• [DATA]:

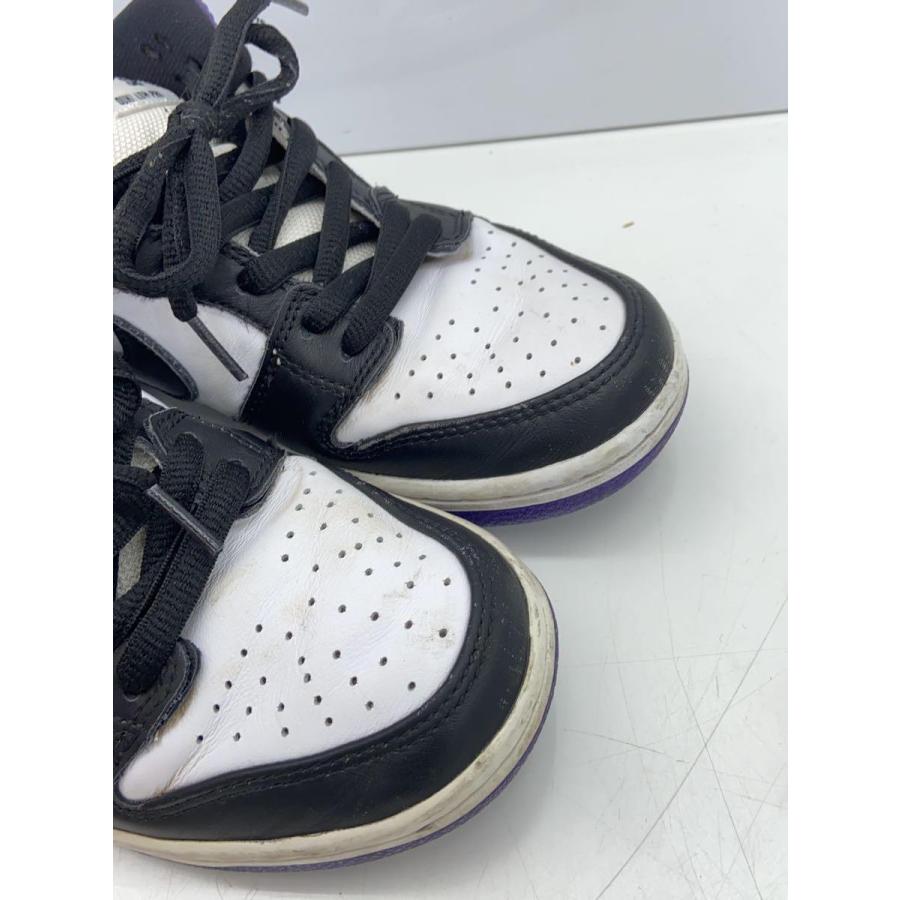 NIKE◇SB DUNK LOW PRO_SB ダンク ロー プロ/25.5cm/BLK NIKE◇SB DUNK LOW PRO_SB ダンク ロー プロ/25.5cm/BLK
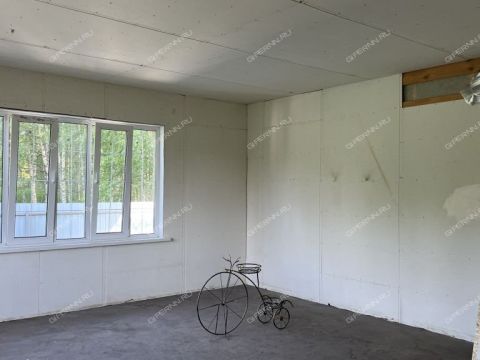 dacha-derevnya-ilinskoe-gorodskoy-okrug-bor фото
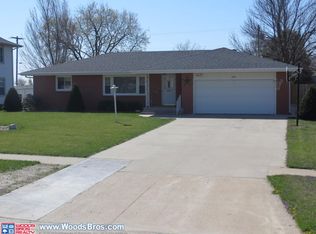 545 Indiana St, Utica, NE 68456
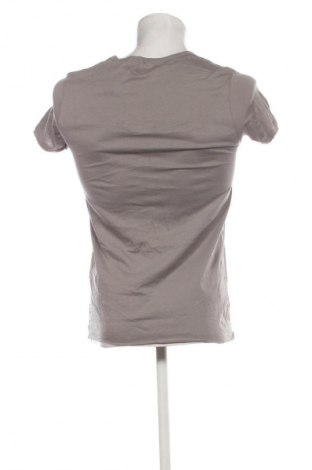 Herren T-Shirt Zara Man, Größe M, Farbe Grau, Preis 4,99 €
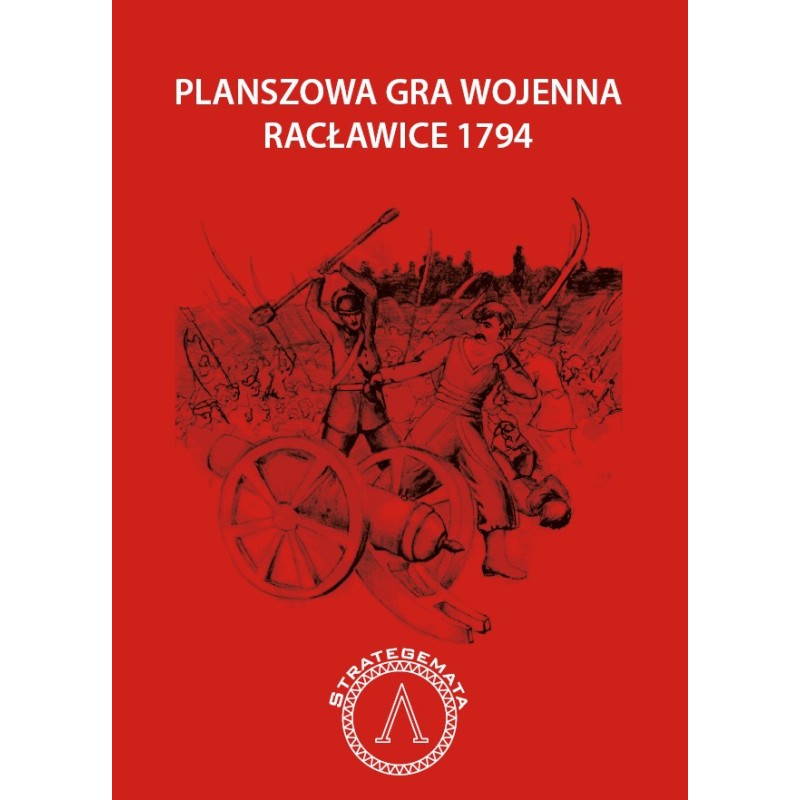 Raclawice 1794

• [WHAT NEEDS TO BE DONE]:
From the material above, copy everything exactly but the pictures.

• [TASK SOLUTION]:
 NIKE◇SB DUNK LOW PRO_SB ダンク ロー プロ/25.5cm/BLK NIKE◇SB DUNK LOW PRO_SB ダンク ロー プロ/25.5cm/BLK
 dacha-derevnya-ilinskoe-gorodskoy-okrug-bor фото
 545 Indiana St, Utica, NE 68456
 Herren T-Shirt Zara Man, Größe M, Farbe Grau, Preis 4,99 €
 Raclawice 1794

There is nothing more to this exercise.